So, here is what I watched this past week:

The Lighthouse

For once, I’m not issuing a rating of a film within my short review of it. The Lighthouse is one of those films that defies easy and initial review. One can look at it analytically and find a lot of great features, but then the plot throws everything out of sync and makes you wonder not only what you saw, but whether or not it was any good.

Let’s start with the good. Jarin Blaschke’s cinematography is crisp and haunting. The use of light and shadow plays well into the film’s concept and returning to a very old aspect ratio puts us squarely in the past even if it limits the amount of space the director has to work with, though I’m sure that was his own decision.
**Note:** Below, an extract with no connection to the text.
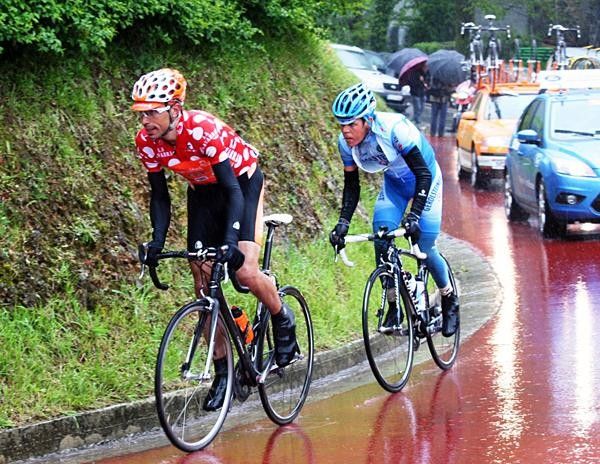Egoi Martinez De Esteban (Euskaltel - Euskadi) consolidated his mountains classification lead during his escape with Bernhard Kohl (Gerolsteiner).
Craig Lathrop’s production design is also terrific, creating a place and setting of creepy realism. The performances of stars Robert Pattinson and Willem Dafoe are mesmerizing, taking the audience from veiled hostility to crazed conflict over the course of the film. We knew Dafoe had that kind of power, but Pattinson keeps trying to prove he’s more than the vampire kid and if this doesn’t put that notion to bed, then he will never outlive that reputation.
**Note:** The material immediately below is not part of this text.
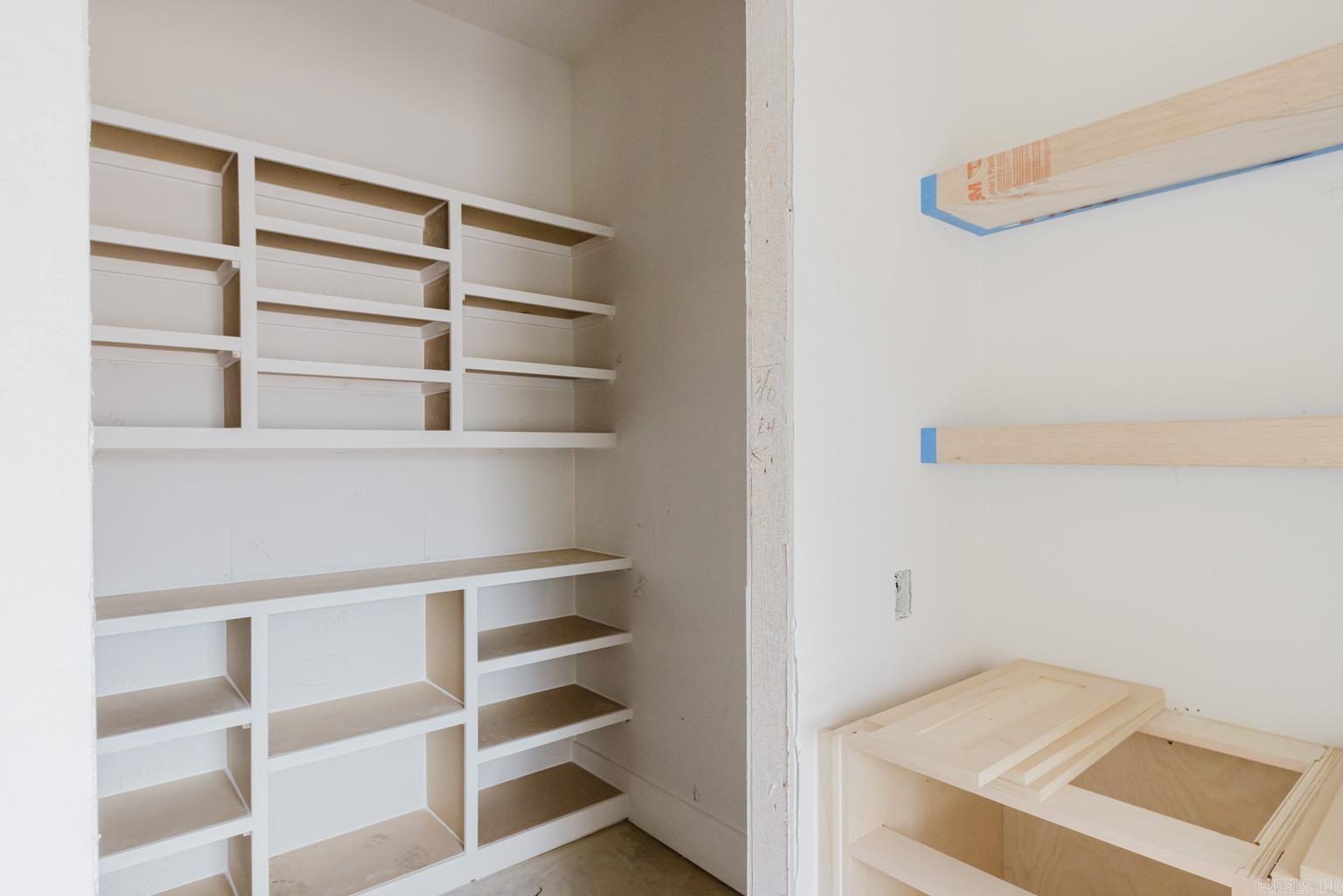 HAZEL OAK - Residential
Then there’s the bad. Eggars, along with his brother Max, have crafted a screenplay that defies explanation. As a thought exercise, that’s exciting, but from a cinematic experience it’s utterly aggravating. Trying to understand a film and its nuances along with hits emotional and philosophical stances can be challenging, but it shouldn’t defy understanding entirely. The pacing is slow at times and doesn’t entirely make sense. While there are elements of the film that suggest this is a chance for both character to explore their past indelicacies, those flaws don’t evoke themselves terribly well. Perhaps guilt has a major impact on the proceedings, but is there some other premise at work here. Could the two be trapped in purgatory, ferried to the island of the damned, unable to leave and slowly driven mad by their fallibility? The closing scene would support that concept, looking like a painting from a Renaissance master. There are questions still to be answered, and over time, I may better understand them, but it’s this confusion combined with the frequent tedium of the film itself that inhibits my ability to reach an immediate and informed conclusion, even four days after seeing the film itself.